---- STORED DATA

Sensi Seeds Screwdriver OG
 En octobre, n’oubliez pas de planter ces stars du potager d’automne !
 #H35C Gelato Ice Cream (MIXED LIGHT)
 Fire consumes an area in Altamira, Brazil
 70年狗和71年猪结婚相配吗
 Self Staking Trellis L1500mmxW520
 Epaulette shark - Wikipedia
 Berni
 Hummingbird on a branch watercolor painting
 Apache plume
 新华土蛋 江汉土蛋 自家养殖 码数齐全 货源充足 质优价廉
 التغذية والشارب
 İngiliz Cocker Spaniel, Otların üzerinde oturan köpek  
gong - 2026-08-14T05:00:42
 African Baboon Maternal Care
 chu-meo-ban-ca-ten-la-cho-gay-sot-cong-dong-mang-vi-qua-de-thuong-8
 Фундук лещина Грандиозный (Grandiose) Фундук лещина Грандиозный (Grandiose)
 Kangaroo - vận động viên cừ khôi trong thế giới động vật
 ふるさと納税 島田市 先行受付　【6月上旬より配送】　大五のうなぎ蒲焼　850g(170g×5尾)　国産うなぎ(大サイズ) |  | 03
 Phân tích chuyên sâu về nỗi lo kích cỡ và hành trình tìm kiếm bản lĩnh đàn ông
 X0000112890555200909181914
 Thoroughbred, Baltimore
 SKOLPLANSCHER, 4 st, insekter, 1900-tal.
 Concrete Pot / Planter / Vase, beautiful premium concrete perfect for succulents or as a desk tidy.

--------

WHAT IS REQUIRED » Here the job is to transcribe the lines from the first line of the data through the line containing "Kangaroo - vận", inclusive, exactly and with nothing else.

EXPECTED ANSWER »
Sensi Seeds Screwdriver OG
 En octobre, n’oubliez pas de planter ces stars du potager d’automne !
 #H35C Gelato Ice Cream (MIXED LIGHT)
 Fire consumes an area in Altamira, Brazil
 70年狗和71年猪结婚相配吗
 Self Staking Trellis L1500mmxW520
 Epaulette shark - Wikipedia
 Berni
 Hummingbird on a branch watercolor painting
 Apache plume
 新华土蛋 江汉土蛋 自家养殖 码数齐全 货源充足 质优价廉
 التغذية والشارب
 İngiliz Cocker Spaniel, Otların üzerinde oturan köpek  
gong - 2026-08-14T05:00:42
 African Baboon Maternal Care
 chu-meo-ban-ca-ten-la-cho-gay-sot-cong-dong-mang-vi-qua-de-thuong-8
 Фундук лещина Грандиозный (Grandiose) Фундук лещина Грандиозный (Grandiose)
 Kangaroo - vận động viên cừ khôi trong thế giới động vật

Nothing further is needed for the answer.